Я слушал и думал: красивая девочка, вся в маму. Грудка уже набухает, господи ты боже мой. Неужели у Польки талант? От этой мысли волосы поднимались дыбом и гордо, и страшно делалось. Хотел бы я дочке Стасиной судьбы? Тяжелая судьба. Хотя есть, конечно, литераторы, которые как сыр в масле катаются, – но, по-моему, их никто не любит, кроме тех, кто с ними пьет по-черному; а это тоже не лучшая судьба, нам такого не надо. Тяжелая, беспощадная жизнь – и для себя, и для тех, кто рядом. Не случайно, наверное, среди литераторов совсем нет коммунистов, а если и заведется какой-нибудь, то пишет из рук вон плохо: сюсюканье, назидательность, сплошные моралитэ и ничего живого. Наверное, эти люди просто-таки по долгу службы не могут не быть теми, кого обычно именуют эгоистами. Ученый, чтобы открыть нечто новое, использует, например, компьютер и синхрофазотрон; инженер, чтобы создать нечто новое, использует таблицы и рейсфедеры, но литератор, чтобы открыть и создать новое, использует только живых людей, и нет у него иного способа, иного пути. Нет иного станка и полигона. Да, он остроумный и приятный собеседник; да, он может трогательно и преданно заботиться о людях, с которыми встречается раз в полгода; да, он способен на поразительные вспышки самоотдачи, саморастворения, самосожжения – но это лишь рабочий инстинкт, который знает: иначе не внедриться в другого, а ведь надо познать его, надо взметнуть пламена страстей, ощутить чужие чувства, как свои, а свои – как великие, чтобы потом выкачанные из этой самоотдачи впечатления, преломившись, переварившись, когда-нибудь легли на бумагу и десятки тысяч чужих людей, читая, ощущали пронзительные уколы в сердце и качали головами: как точно! как верно!.. и, насосавшись, он выползает из тебя, сам страдая от внезапного отчуждения не меньше, чем ты, – но все равно выламывается неотвратимо, отрывается с кровью, испуганно рубит по протянутым вслед в безнадежном старании удержать рукам и оставляет того, ради кого, казалось, жил, в пепле, разоре и плаче. Вот как Стаська меня сейчас.
А иначе – не может. Такая работа.
– Папчик, – тихонько спросила Полушка, и я понял, что она уже давно молчит. – Ты о чем так задумался?
– О тебе, доча, – сказал я, – и о твоих подданных.
– Ты не бойся, – сказала она, подходя. Уселась на подлокотник моего кресла и положила руку мне на плечо. – Я им вреда не сделаю. Просто надо же их как-то в себя привести. Ну, какое-то время им будет больно, да. Я сейчас вторую часть начала. Все кончится хорошо.
И на том спасибо, подумал я. Дверь приоткрылась, и в кабинет заглянула Лиза. Улыбнулась, глядя на наше задушевство.
– Родные мальчики и родные девочки! Не угодно ли слегка откушать? Савельевна уж на стол накрыла.
– Угодно, – сказал я и встал.
– Угодно, – повторила Поля очень солидно и тоже встала.
Взявшись с нею за руки, мы степенно, как большие, двинулись в столовую вслед за Лизой.

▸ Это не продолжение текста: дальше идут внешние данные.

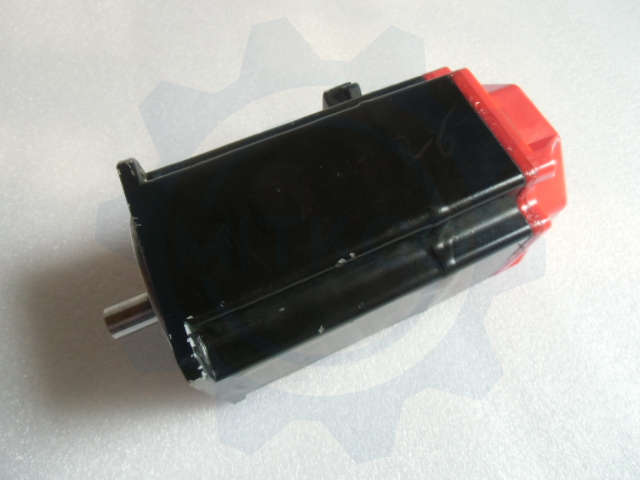 A06B-0063-B103 Fanuc servo motor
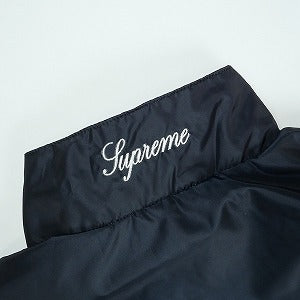 SUPREME シュプリーム ×Umbro 25FW Gradient Track Jacket Black トラックジャケット 黒 Size 【M】 【新古品・未使用品】 20828164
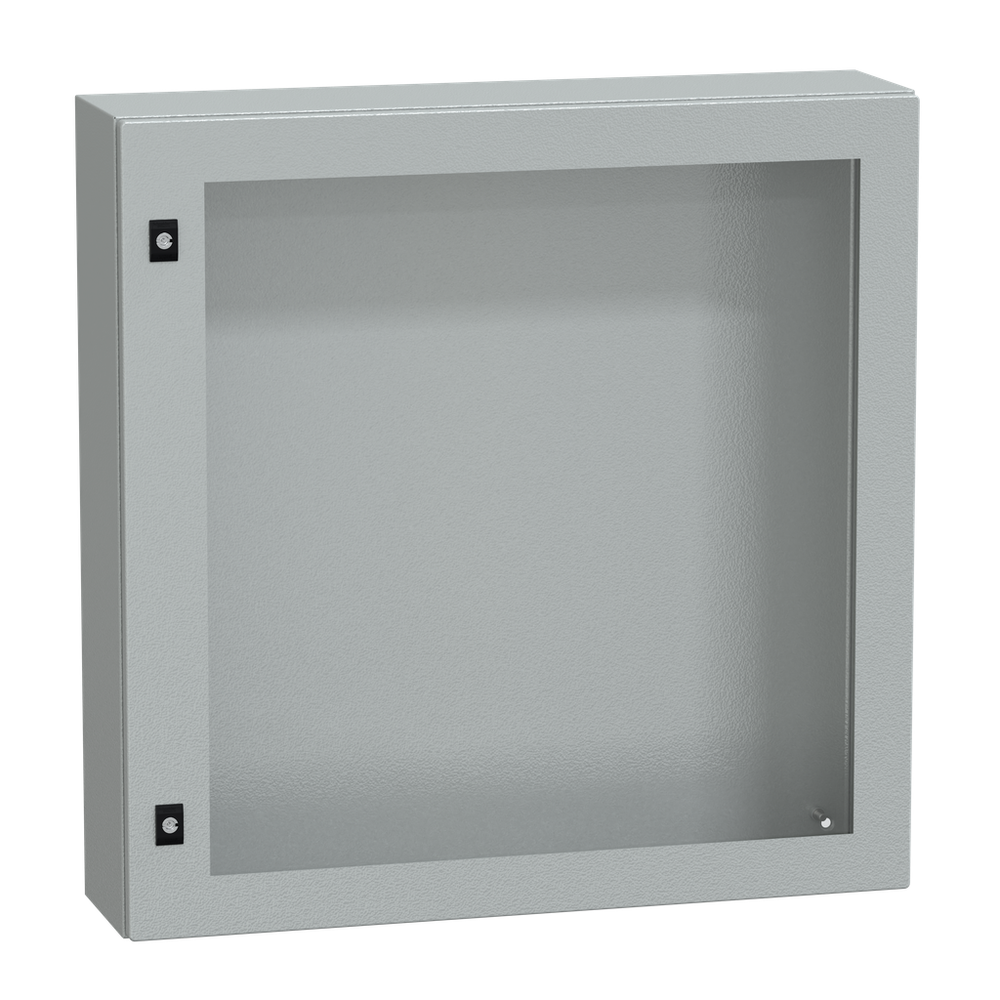 Image of Schneider Electric NSYCRN88200T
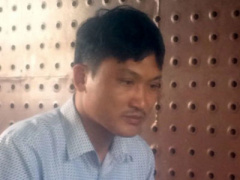Ảnh bìa bài viết 404077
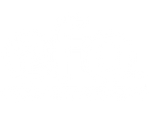 efo: Equipo para Fotografía & Video | Costa Rica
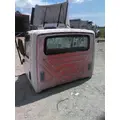 INTERNATIONAL 4200 CAB thumbnail 7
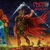 CANCER - Death Shall Rise - CD Slipcase - comprar online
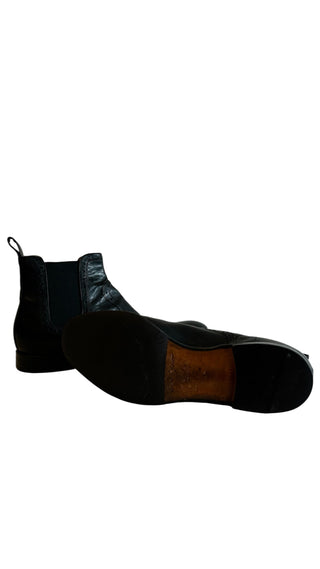 Gucci Boots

Она шла чуть впереди в длинном, свободном платье до пят – осиная талия охлестнута широким поясом. Светлое марево волос колышется в такт шагам. Полечу утром, подумал я. Все равно ночью там делать нечего – в порту, что ли, сидеть? Зачем? Нестерпимо хотелось догнать Лизу и шептать: «Прости… прости…» Мне часто снилось: я ей все-все рассказываю, а она, как это водится у них, христиан, властью, данной ей Богом, отпускает мне грехи… Иногда, по-моему, бормотал во сне вслух. Что она слышала? Что поняла?